Galois automorphisms of a symmetric measurement
(pp0672-0720)
D.M.
Appleby, Hulya Yadsan-Appleby, and Gerhard Zauner
doi:
https://doi.org/10.26421/QIC13.7-8-8
Abstracts:
Symmetric Informationally Complete Positive Operator
Valued Measures (usually referred to as SIC-POVMs or simply as SICs)
have been constructed in every dimension ≤ 67. However, a proof that
they exist in every finite dimension has yet to be constructed. In this
paper we examine the Galois group of SICs covariant with respect to the
Weyl-Heisenberg group (or WH SICs as we refer to them). The great
majority (though not all) of the known examples are of this type.
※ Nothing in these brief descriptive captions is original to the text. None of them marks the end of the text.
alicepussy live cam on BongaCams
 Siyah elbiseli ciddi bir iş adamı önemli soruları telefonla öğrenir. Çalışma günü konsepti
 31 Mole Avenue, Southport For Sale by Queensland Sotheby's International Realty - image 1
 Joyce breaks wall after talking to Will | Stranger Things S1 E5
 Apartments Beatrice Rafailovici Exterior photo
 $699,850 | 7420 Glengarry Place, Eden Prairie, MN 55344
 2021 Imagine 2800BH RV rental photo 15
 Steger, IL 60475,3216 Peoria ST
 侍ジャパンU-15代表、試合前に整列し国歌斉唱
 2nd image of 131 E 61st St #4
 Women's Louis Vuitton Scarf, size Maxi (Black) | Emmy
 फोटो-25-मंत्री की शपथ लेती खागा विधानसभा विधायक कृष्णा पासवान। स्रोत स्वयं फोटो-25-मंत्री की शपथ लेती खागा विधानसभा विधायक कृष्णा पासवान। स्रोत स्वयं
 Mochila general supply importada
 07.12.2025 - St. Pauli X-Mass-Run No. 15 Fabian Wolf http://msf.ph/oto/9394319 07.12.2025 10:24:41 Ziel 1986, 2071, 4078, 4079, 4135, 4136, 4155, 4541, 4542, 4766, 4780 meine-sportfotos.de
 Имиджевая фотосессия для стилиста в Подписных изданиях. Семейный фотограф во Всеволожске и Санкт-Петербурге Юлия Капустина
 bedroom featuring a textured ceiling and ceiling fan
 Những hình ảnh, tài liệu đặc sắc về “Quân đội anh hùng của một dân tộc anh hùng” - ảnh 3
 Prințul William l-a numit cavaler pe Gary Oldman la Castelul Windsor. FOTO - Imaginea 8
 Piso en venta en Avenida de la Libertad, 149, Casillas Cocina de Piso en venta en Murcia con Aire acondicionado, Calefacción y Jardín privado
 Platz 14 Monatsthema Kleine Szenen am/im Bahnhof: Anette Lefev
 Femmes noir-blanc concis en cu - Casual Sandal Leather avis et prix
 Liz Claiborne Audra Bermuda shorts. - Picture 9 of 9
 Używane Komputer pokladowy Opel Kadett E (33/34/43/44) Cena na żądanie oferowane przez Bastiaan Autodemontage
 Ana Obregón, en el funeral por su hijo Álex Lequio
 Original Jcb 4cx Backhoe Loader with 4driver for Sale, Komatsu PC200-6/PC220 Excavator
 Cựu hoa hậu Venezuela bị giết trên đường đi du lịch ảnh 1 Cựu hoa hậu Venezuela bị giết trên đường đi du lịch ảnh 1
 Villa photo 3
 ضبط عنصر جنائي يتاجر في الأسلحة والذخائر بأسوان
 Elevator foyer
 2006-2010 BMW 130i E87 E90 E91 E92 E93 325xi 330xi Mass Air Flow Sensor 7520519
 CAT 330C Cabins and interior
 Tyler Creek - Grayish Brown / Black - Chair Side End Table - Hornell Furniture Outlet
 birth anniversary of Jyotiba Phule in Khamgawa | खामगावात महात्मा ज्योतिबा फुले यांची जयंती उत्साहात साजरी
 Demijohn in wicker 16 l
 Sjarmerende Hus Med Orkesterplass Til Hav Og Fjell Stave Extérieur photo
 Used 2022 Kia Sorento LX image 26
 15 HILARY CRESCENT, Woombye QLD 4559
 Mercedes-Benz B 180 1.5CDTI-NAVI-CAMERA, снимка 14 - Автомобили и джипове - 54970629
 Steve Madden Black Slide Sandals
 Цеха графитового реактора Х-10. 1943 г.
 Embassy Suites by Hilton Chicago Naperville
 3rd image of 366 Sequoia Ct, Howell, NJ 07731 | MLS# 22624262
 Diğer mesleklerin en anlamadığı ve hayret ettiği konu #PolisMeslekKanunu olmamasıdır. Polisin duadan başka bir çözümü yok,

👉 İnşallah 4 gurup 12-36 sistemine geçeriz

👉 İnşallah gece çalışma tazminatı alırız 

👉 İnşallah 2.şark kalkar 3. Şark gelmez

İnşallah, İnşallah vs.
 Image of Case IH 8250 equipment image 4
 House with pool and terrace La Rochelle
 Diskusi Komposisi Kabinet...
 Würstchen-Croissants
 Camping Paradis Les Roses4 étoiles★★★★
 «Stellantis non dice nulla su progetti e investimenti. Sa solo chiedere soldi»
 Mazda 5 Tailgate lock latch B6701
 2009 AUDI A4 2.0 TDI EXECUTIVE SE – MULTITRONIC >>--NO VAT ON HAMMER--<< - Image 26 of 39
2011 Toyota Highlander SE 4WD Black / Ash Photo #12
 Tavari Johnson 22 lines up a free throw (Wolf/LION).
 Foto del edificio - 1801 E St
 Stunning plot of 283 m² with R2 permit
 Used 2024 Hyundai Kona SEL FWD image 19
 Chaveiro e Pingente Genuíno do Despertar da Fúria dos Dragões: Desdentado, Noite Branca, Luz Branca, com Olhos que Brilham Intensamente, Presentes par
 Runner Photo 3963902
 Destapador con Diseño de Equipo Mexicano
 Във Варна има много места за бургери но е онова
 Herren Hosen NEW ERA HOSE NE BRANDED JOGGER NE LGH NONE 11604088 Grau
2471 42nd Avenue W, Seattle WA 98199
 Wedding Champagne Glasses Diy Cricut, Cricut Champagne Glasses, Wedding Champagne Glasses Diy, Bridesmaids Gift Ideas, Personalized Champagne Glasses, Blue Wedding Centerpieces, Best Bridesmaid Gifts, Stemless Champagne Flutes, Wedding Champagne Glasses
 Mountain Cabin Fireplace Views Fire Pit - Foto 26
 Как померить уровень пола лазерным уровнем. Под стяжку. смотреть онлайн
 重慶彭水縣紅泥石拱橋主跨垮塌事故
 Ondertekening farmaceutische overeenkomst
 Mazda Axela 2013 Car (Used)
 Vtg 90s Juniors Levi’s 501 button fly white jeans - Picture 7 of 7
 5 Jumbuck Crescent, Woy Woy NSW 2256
Scott
and Grassl have noted that every known exact WH SIC is expressible in
radicals (except for dimension 3 which is exceptional in this and
several other respects), which means that the corresponding Galois group
is solvable. They have also calculated the Galois group for most known
exact examples. The purpose of this paper is to take the analysis of
Scott and Grassl further. We first prove a number of theorems regarding
the structure of the Galois group and the relation between it and the
extended Clifford group. We then examine the Galois group for the known
exact fiducials and on the basis of this we propose a list of nine
conjectures concerning its structure. These conjectures represent a
considerable strengthening of the theorems we have actually been able to
prove. Finally we generalize the concept of an anti-unitary to the
concept of a g-unitary, and show that every WH SIC fiducial is an
eigenvector of a family of g-unitaries (apart from dimension 3).
Key words:
Quantum Measurement, Symmetric Informationally Complete
Positive Operator Valued Measure, Clifford Group, Galois Theory |